Using Power Automate with Azure Queues & Cognitive Services for AI fuelled social media analytics

In a previous article [1] I shared an immersive, AI enriched social media monitoring and analysis model driven app to monitor any Twitter hashtags or mentions of your choice! This article is going to take a technical deep dive into how we leveraged Power Automate to integrate Twitter with a range of Azure services

The ins and outs behind the scenes to get from Tweet to Azure

The ins and outs behind the scenes to get from Tweet to Azure

This post will focus on the data processing and enrichment, a future post will look into how we visualised and surfaced the data in the model driven app so watch out for that coming soon.

Power Automate

Capture the tweet data, establish unique identifiers in the DataFlex Pro for the model driven app, calculate location and pass a message to an Azure Queue

Azure

We leverage Azure Functions, Queues, Cognitive Services & Cosmos DB to do the following:

  1. Consume messages from a queue with Azure Functions & integrate with Cognitive Services​

  2. Write data to Cosmos DB

  3. Write messages to a queue which can be consumed by Power Automate

  4. Visualise data in a web app

Part 1: capture Tweet data, calculate location & send to Azure

PowDevsDemo1.1.jpg
Capture Tweets with #PowerPlatform and initialise some variables to use later on and also handy for debugging or demonstrating flows

There are many ways to get data from twitter but that involves polling, finding an NPM (Node Package Manager), setting up API keys and hoping you don’t get rate limited. Plus some heavy ongoing maintenance to keep it up and running.
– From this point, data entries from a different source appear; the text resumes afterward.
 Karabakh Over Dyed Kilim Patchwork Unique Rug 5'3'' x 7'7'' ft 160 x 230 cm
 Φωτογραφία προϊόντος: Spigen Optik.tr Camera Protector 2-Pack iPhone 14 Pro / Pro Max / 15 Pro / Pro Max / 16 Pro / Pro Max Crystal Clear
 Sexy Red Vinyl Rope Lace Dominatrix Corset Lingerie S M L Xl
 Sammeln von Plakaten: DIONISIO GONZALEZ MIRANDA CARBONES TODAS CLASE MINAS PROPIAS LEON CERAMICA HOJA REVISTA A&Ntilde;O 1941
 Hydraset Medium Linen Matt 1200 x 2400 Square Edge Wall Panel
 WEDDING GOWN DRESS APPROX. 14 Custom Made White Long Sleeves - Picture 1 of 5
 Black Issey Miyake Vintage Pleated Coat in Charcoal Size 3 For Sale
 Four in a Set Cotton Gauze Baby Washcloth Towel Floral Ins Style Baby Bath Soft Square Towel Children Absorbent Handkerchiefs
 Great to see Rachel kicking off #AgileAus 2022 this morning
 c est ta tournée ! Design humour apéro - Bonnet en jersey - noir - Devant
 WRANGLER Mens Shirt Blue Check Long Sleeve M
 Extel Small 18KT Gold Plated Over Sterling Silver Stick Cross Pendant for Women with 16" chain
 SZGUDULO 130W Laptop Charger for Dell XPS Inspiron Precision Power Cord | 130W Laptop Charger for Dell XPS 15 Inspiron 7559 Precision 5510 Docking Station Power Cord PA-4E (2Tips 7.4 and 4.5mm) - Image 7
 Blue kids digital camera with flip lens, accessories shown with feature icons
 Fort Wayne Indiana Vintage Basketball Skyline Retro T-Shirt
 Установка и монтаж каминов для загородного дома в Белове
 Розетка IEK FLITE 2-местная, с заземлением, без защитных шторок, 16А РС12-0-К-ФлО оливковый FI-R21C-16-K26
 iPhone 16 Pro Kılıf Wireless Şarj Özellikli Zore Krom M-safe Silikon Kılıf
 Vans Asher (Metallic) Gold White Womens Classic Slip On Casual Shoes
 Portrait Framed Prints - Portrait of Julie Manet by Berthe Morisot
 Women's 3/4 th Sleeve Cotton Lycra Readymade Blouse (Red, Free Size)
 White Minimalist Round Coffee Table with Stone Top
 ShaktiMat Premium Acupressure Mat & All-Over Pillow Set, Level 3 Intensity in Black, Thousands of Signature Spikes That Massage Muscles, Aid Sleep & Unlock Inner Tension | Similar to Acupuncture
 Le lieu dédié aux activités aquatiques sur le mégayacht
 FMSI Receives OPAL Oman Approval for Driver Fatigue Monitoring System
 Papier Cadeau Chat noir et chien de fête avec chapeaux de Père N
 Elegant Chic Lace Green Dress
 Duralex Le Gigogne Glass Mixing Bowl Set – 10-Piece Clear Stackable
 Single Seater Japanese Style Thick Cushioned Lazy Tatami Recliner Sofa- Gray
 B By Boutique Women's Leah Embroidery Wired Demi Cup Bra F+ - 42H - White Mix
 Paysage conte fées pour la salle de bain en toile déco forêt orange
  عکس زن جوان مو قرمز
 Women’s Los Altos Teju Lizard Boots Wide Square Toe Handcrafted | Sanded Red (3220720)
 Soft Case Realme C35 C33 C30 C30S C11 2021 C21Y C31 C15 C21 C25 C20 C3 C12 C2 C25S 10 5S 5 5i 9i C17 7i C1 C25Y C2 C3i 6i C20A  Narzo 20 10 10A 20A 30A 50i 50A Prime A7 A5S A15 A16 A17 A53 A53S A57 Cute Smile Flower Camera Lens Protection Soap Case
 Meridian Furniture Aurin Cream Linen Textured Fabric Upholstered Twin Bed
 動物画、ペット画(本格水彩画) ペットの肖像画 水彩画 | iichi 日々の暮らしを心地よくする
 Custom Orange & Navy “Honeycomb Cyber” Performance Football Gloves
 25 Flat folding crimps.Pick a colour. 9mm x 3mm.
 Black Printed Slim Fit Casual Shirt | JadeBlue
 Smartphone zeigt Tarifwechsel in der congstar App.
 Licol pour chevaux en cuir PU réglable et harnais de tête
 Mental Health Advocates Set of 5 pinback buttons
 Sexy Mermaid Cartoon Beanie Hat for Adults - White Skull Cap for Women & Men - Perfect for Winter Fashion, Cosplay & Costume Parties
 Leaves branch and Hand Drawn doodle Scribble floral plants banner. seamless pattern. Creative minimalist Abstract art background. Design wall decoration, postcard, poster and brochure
Fortunately the Power Platform has a pre-built connector to capture posts from Twitter based on a specific hashtag (#) or mention (@) - this will be used as the trigger to start our flow.

The twitter handle is set by combining the ‘@’ symbol with the ‘Tweeted By’ data attribute from Twitter using the expression: concat('@',triggerOutputs()?['body/TweetedBy'])

Next, we start to establish unique record identifiers for the Tweets and the Tweeter to later on when receiving the message from Azure. This starts with the Tweeter - a ‘Contact’ in Dataflex, so first we check if the Tweeter is already known to us, if so capture the ID for that record, if not create one.

When using the ‘List record’ feature, even when you limit the top count to 1 the outputs will automatically create a loop for each item returned, it gets messy and we only want the first match, to prevent this we use the formula:
first(outputs('Search_for_contact_with_twitter_handle')?['body/value'])?['contactid']

Then we want to check the output from the search to see if the contact exists, we do this by checking if the list records returned any results using the formula:
empty(body('Search_for_contact_with_twitter_handle')?['value'])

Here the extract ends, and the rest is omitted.